A good example would be, on the ES8 and ES6, the IP has a distinctive cut-out on the passenger side to give the sense of space and of a business class environment. That involved significant collaboration with engineering, and, in the end, we had to eliminate a cross-car beam in that area to suit the design. Traditionally, that it is not something that is done. It was an element that we had to justify through the experience-driven design that we wanted to achieve. Once we were able to put some rationale behind it, the engineering team were on board, and they helped us fulfill that vision.
LB: Given the challenges associated with the range in EVs, light-weighting is a big part of the discussion in this arena. How does that affect the design approach and material selection for the interior, considering elements like mechanical properties, tactility, as well as weight?
KT: Light-weighting is always something we need to consider. In a previous role, I was director of design at Gulf Stream Aerospace where that was extremely prevalent when we designed the [aircraft]interior. Every gram was measured. I’ve taken some of that thinking into NIO, and we are smart about the amount and what materials we use.
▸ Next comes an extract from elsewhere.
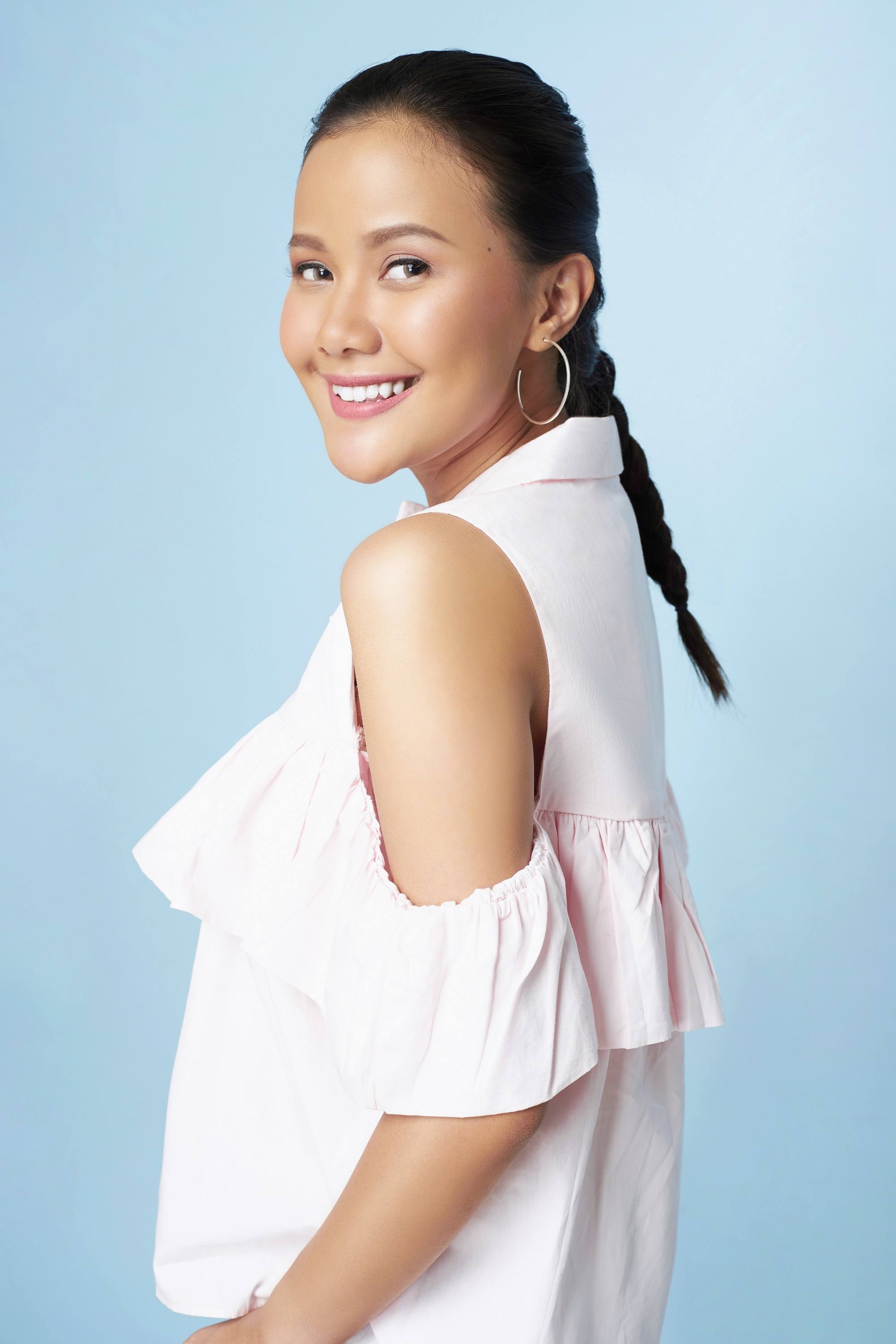All Things Hair Live x Jay Wee event: Asian woman with Dutch braid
However, we don’t want to reduce the weight so much that you lose perception of premium quality and luxury. If you think of a beautiful lounge chair in your home compared with a primary office chair, the one that feels more premium is the one that has more bulk. With this in mind, we tried to design the seats to be visually comfortable and have a visual mass to them but, under the covers, we have done our homework to reduce the weight of the frame, the structure and the foam.
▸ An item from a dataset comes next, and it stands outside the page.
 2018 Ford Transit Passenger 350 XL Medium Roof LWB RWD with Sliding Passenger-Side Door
Right now, we are looking at CMF [a design technique that focuses on Color, Materials, Finish to associate a product with brand identity], and different methods of welding materials together so we can reduce weight. A lot is happening in the industry in that regard and going away from traditional stitching. So light-weighting is something that we consider, but it is a balance to maintain the design and customer perception of quality.
LB: Looking a more general trends with material selection for vehicle interiors, there’s a drive towards sustainability, including vegan materials. Is that something you considered in the design process?
KT: That is something that we consciously think about from the get-go. We want to use sustainable materials and natural materials as much as possible. However, there is a balance to be found. We must find materials that satisfy aesthetics, ergonomics and durability, as well as environmental and sustainable elements.
[As a company] we are a leader in sustainability, especially in China. We want to ensure that the material is befitting to the environment. We are trying to create this mobile living space. As such, we choose materials that would not feel unfamiliar in your home. Selecting a material that is the best from an eco-perspective might make the interior feel foreign from a quality standpoint, so we are working with our suppliers to achieve the right balance.